A taxa de infecção no estado, quase cem por grupo de cem mil habitantes, é o dobro da média nacional.

 

O mesmo número é também 20 vezes superior ao recomendado pela OMS – Organização Mundial de Saúde: cinco casos para cada grupo de 100 mil. Na região metropolitana se concentra a maioria de casos. E as áreas mais afetadas são as favelas. Isso ocorre porque o causador da doença, o Bacilo de Koch, se propaga pelo ar em áreas de pouca ventilação e sem incidência de sol.

 

Graças à pobreza e à falta de organização dos serviços de saúde, a tuberculose continua matando.
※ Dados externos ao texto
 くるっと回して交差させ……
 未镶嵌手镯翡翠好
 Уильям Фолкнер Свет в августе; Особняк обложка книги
As estimativas é que pelo menos mil pessoas morram anualmente desta doença no estado do Rio de Janeiro.

 

Falta informar à população que apesar de ter medicação, esta doença ainda resiste. Seus sintomas iguais a de uma gripe: tosse por muito tempo, dor no peito, cansaço e febres vespertinas, muitas vezes, não são diagnosticados logo. Ou então, as pessoas infectadas não continuam o tratamento até porque não têm o que comer e tomar a medicação sem ter o que comer é horrível a sensação de náusea.

 

Cada pessoa não tratada costuma contaminar, em média, outras 15. É bom saber que 15 dias após iniciado o tratamento, as chances de contaminação são nulas. Que tal o governo se organizar  e investir mais nesta doença, no seu tratamento e informação à população? Aí talvez, ela acabe.